Yuni Kim Lang is a Michigan-based visual artist who works in sculpture and large-scale photography, and explores themes of weight, mass, accumulation, hair, adornment, and cultural identity. Her unique practice straddles the world of art and design, and often times her wearable art becomes the foundation for her conceptual artworks. Yuni is fascinated by our obsession and idea of adornment, especially as cultural signifiers. Yuni graduated with a Master’s of Fine Arts from Cranbrook Academy of Art in 2013 and received her BFA from Parsons The New School for Design in 2009. She has also worked as a studio assistant for Chicago-based artist Anne Wilson. Below are images from Yuni’s photography series Adornment at Large and her sculptural work Comfort Hair.
On Comfort Hair “… was inspired by the Gache, which is a big wig that was worn by Korean women back in history who were of high social backgrounds. The bigger and heavier the wigs were, the more beautiful and aesthetic they were. My vision was to see hair in the way we fantasize about it. The dead hair that we imagine to be full of life. It is the part of the body that has no nerves or muscles but has movements and rhythm that feel alive. When you cut it off there is no pain and it does not bleed. Yet, we perceive it as a sacred entity, where many cultures in history have preserved hair.”

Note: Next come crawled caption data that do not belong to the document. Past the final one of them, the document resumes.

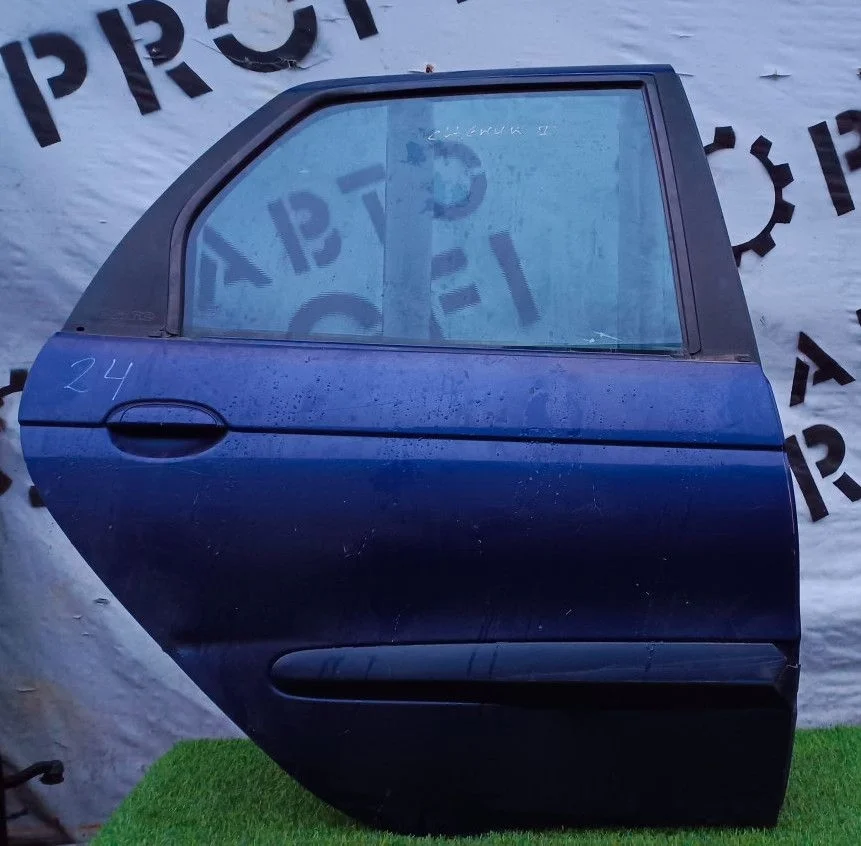 Дверь задняя правая Renault Scenic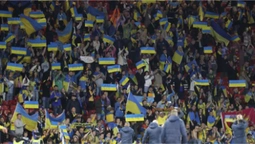 10 років тому українські фанати заспівали світовий хіт "**** - уйло" (+ВІДЕО)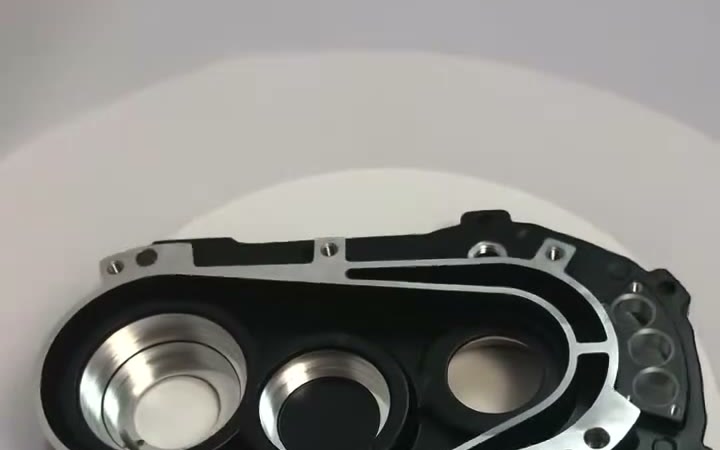 黑色阳极氧化铝合金齿轮箱壳体，轴承孔与密封筋保持不氧化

On Adornment at Large “The jewelry references qualities of my hair, thinking about cultural identities in a every globalizing world. The reference to hair brings you to a tactile and visceral place, allowing oneself to think about their own identity within adornment. The knot is cultural symbol. The art of tying knots dates back to prehistoric times, it is beautiful form that encompasses different layers and meanings of connection, conformity, and adornment. […] Thinking about this complex idea behind the body and adornment and its phenomenon in our society, I think about Jewelry as a monument.”